■ **What to do**
Repeat exactly the lines that begin at the one containing "Staged living room" and end at the final line of the records; include no pictures and nothing else.

■ **Exercise material**
==*==

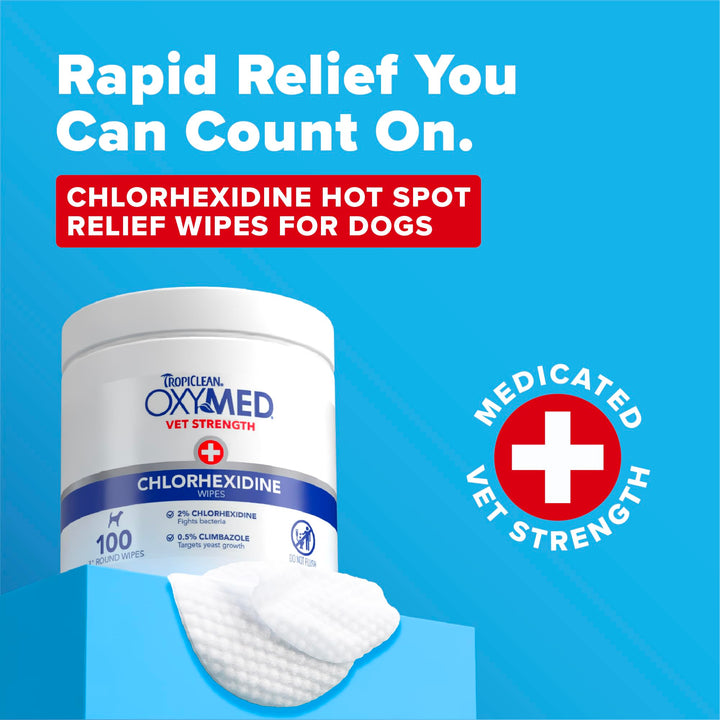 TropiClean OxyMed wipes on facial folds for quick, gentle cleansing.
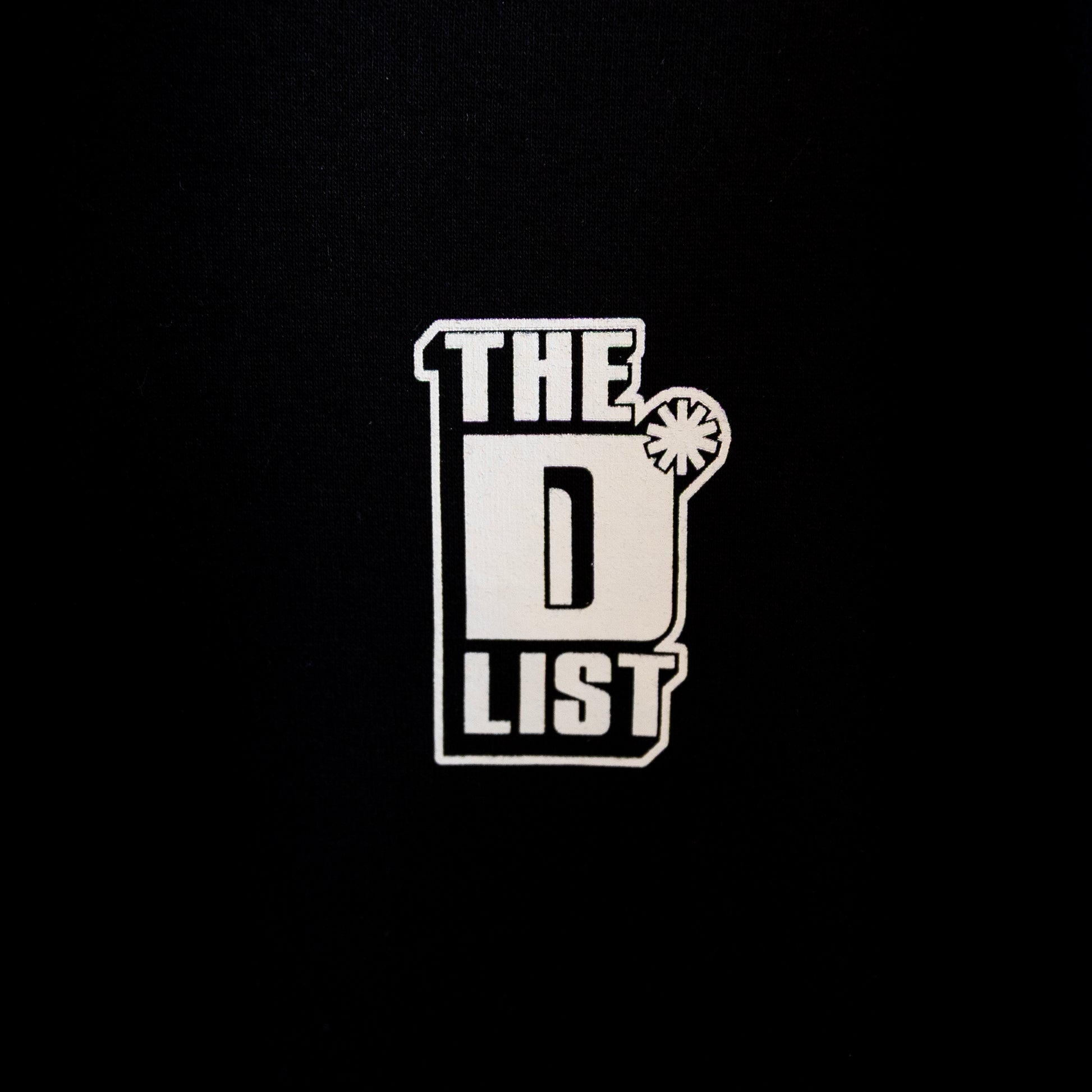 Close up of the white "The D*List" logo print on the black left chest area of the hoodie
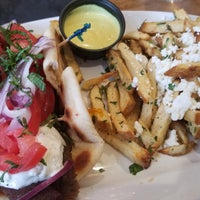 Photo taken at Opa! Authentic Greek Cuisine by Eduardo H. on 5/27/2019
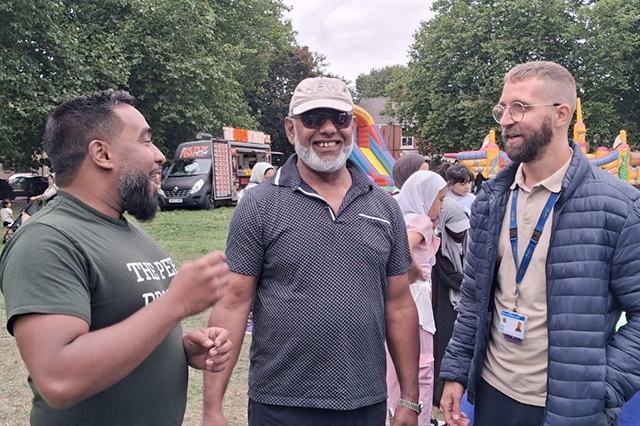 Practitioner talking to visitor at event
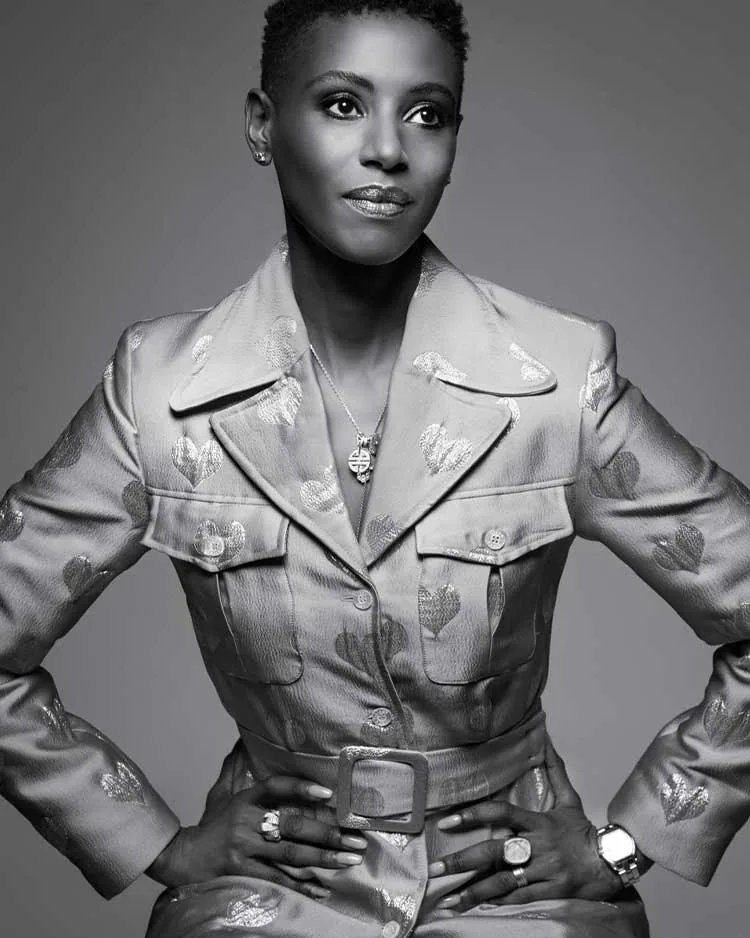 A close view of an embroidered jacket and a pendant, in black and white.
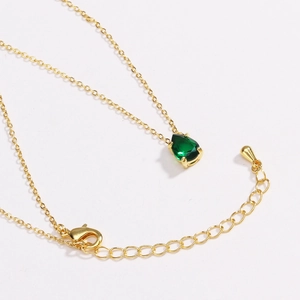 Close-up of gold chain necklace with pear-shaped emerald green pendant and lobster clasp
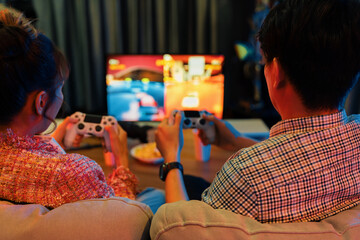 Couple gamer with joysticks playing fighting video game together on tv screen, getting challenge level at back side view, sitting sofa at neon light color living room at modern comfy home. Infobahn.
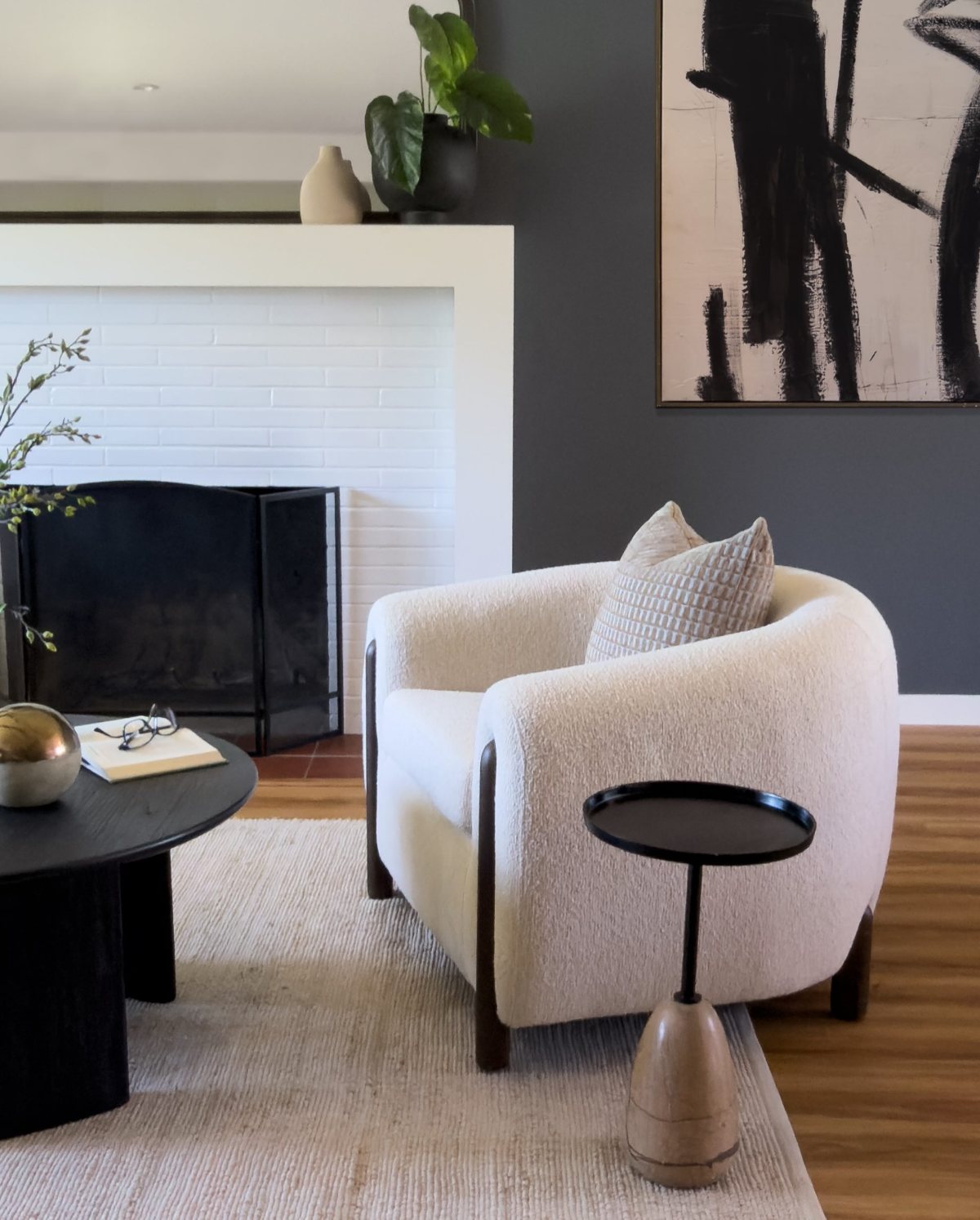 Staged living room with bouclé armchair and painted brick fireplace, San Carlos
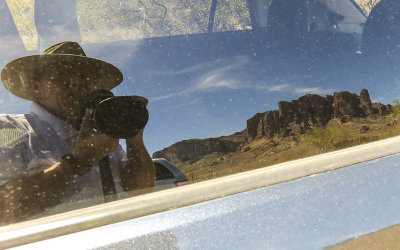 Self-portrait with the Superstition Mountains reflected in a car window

==*==

■ **Written reply**
 Staged living room with bouclé armchair and painted brick fireplace, San Carlos
 Self-portrait with the Superstition Mountains reflected in a car window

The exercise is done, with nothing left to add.